##### Data

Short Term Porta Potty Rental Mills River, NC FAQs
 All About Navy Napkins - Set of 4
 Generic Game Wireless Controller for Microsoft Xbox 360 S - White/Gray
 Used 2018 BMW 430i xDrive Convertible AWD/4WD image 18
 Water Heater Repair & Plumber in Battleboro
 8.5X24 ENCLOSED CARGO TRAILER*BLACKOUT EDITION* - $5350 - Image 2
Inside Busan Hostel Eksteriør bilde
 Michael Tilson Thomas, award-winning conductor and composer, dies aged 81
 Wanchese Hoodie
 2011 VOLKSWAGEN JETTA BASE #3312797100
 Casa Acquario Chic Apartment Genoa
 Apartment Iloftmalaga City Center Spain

##########

**Assignment:**
Your task is to copy every line of the entries that contains the string "Apartment".

**Response area:**
 Casa Acquario Chic Apartment Genoa
 Apartment Iloftmalaga City Center Spain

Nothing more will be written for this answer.